Things to note: return Handle<Value>(); in Get signals to V8 that we haven't found any corresponding property for the key we were passed, and that it should continue to looking at the Accessor elements to figure out if we can avoid returning undefined. Otherwise, we're just asking Python if our object has that attribute, and then returning it unwrapped if it does. Just to be comprehensive; I present the RETURN_NEW_PYOBJ macro:

#define RETURN_NEW_PYOBJ(scope,pyobject) \
        Local<Object> jsobject = python_function_template_->GetFunction()->NewInstance();   \
        PyObjectWrapper* py_object_wrapper = new PyObjectWrapper(pyobject);                 \
        py_object_wrapper->Wrap(jsobject);                                                  \
        return scope.Close(jsobject);

We create a local instance of the python_function_template_, which carries along our property accessors, etc, and wraps it with our python_function_template_. Internally, V8 Javascript objects are able to carry around an "InternalField", which is just a void* pointer to whatever C++ object you wish to piggyback on that javascript object.

That's pretty much the C++ side of things.

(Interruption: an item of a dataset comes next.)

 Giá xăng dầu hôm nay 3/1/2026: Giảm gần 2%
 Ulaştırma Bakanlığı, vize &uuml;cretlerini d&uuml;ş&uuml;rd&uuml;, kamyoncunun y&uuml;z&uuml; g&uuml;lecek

The new Import function calls RETURN_NEW_PYOBJ on the module we load up.


ObjectWrapping up

yeah, that pun was lame

Hopefully that wasn't too scattershot to follow. At this point, if you compiled it, you could import python modules, append to sys.path, and load up custom modules. Included in my node-python repo is a really really simple, somewhat broken wsgi.js file that calls into WSGI from node.js.

My experience with this binding is as follows: it is analogous to a mod_python, except for node.js, and it probably has the exact same things against it. Embedding a python process doesn't let you predict the memory usage, and it's made even worse by the fact that V8 garbage collects only at certain points. I would certainly avoid using it in a production setting at the moment. I'm currently leaning towards connecting to a UWSGI socket through Node.js, and I have a project that follows that format on github. At the very least, hopefully this opens up the possibility of writing C++ plugins to node to more developers.